Sweetened and Flavored Varieties
Maple, apple, and honey-flavored breakfast sausages are the most likely to push the carb count upward. A serving of three maple-flavored breakfast sausages (about 80 grams) contains roughly 5 grams of carbs, with 4 of those grams coming from sugar. Johnsonville’s Apple Chicken Sausage, which includes dried apples, corn syrup, and cane syrup, still comes in at only about 6 grams of carbs per 3.5-ounce serving.

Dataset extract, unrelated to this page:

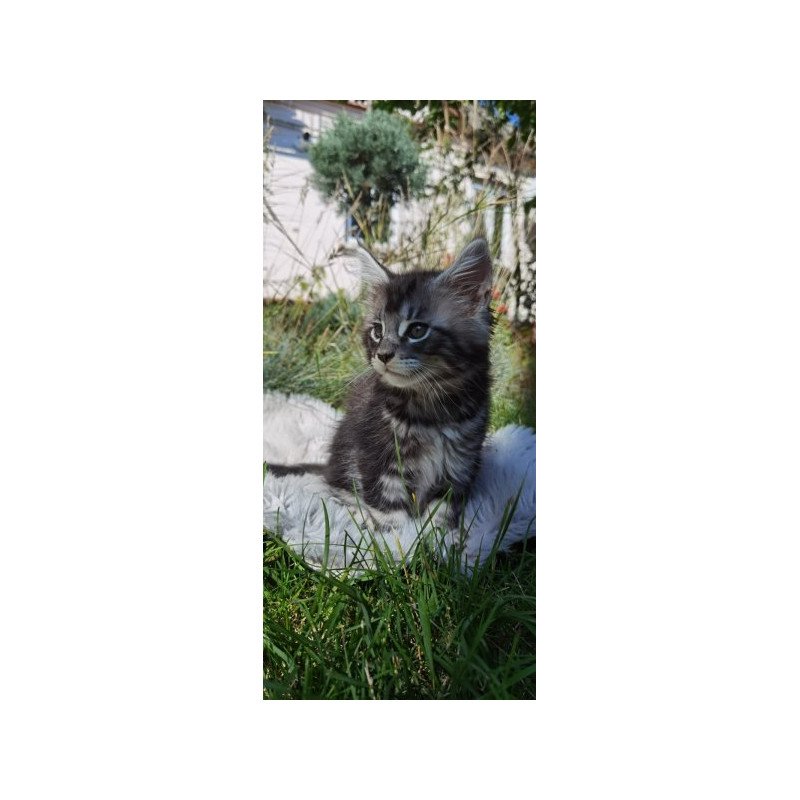 Maine Coon Alva Brighter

These numbers are higher than plain sausage but still low by any reasonable standard. If you’re following a strict keto diet (typically under 20 to 50 grams of carbs per day), even sweetened sausage is unlikely to cause problems unless you’re eating large quantities.
How to Spot Hidden Carbs on Labels
If keeping carbs as low as possible matters to you, the ingredient list is more useful than the front-of-package marketing. Watch for these common carb-contributing ingredients: wheat flour, soy flour, corn syrup, corn starch, maltodextrin, breadcrumbs, dried fruit, and sugar in any form. A sausage listing just meat, salt, and spices will have fewer carbs than one with a long ingredient panel.
Fresh sausages from a butcher counter tend to have simpler ingredient lists than pre-packaged options. A basic bratwurst or Italian sausage from the meat case typically contains pork, salt, pepper, and a few herbs. That said, even mass-produced sausages rarely exceed 5 or 6 grams of carbs per serving, so the practical difference is small.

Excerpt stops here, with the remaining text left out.